First generation turbine tower cranes in the 700 to 950 tonne-metre range are generally too small for today’s wind turbines. Instead, 1,600 to 2,000 tonne-metre class models are needed. The next generation of 10 MW turbines could even call for 3,000 to 4,000 tonne-metre giants. An example is the Mammoet LTC4000.
Turbine blades versus fast rigging mobile cranes
Road transport weight limits may not allow loads above 100 tonnes, but the lifting height requirement will increase to 200 metres or more. Turbine blades weighing up to 50 tonnes mean a greater outreach requirement and could lead to higher crane capacity requirements outside the minimum crane radius in which generally turbine towers are constructed.
Turbine tower cranes are in direct competition with fast rigging mobile cranes. As is typical for Krøll turbine tower cranes, special devices have been developed to speed up the crane installation procedure. These tools are also useful in general construction crane applications. An example is the simplified reeving for the luffing.
Chinese manufacturer XCMG says about 10 riggers are needed to install the new XGL1800 tower crane. Crane climbing follows the wind tower installation, so it could be economical to also use the wind turbine rigging crew for the tower crane jacking.
Less bulk for tower cranes
Tower cranes suitable for 150 metre turbines need roughly half the erection space needed for a conventional mobile crane. This is a real benefit in sensitive areas like woodland and in areas of intensive agriculture. In addition, crane components can easily be kept within the size and weight limits of increasingly strict road regulations.
The installation time is longer compared to a mobile crane. After basic erection with an assist crane the tower crane then has to be climbed to its final hook height. Choosing a luffer immediately increases the available hook height and means less tower is needed and fewer climbing operations.
In contrast to a saddle jib version, production costs are about 30 to 40 % higher and extra care is needed to be able to achieve an horizontal load path. In addition, a luffing crane often working at minimum radius must remain wind-safe, including when booming out against wind pressure from the front.
Liebherr offer economical alternative
Liebherr offered the first wind turbine installation climbing tower crane and is still the only manufacturer successfully following the saddle jib design principle for wind tower installation.
It can be an economical alternative when at least one tie in support to the tower is allowed. In this case the 1000EC-B can, for example, lift 100 tonnes to a 175 metre under hook height with one active tie in.
Climbing systems have being improved to reduce erection time and increase safety, but turbine construction creates its own design challenges.

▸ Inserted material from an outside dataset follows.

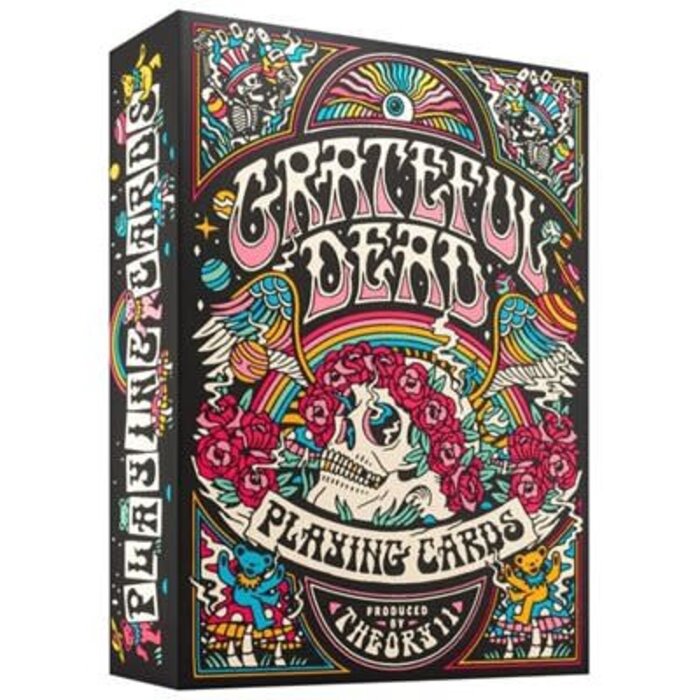 Theory 11 Playing Cards - Theory 11: Grateful Dead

In contrast to general construction work, the working period at a single turbine project is very short. This means the crane has to be frequently climbed up and down. To do this calls for a durable, fast, safe and easy to handle tower section connection device and a fast-climbing system.
It also demands a climbing crew on site for nearly the whole time. Unlike mobile cranes a tower crane cannot be moved around in a short time on a wind farm. Rigging time is reduced by having all the major tower crane components shipped in blocks. A second undercarriage already installed at the next turbine tower site can also speed up the tower crane transfer.
What remains is the time-consuming climbing process itself with the insertion and removal of each tower section. Sometimes it has to be done at night to keep up with the pace of the fast track installation process.
To speed up climbing Krøll built a separate climbing winch and derrick to lift and place the tower section while the crane’s boom is used to balance the crane. Minimising the height of the crane before starting to climb helps save money by needing a smaller erection crane. A tower system climbed from ground level is more suitable than one made up of different tower sizes.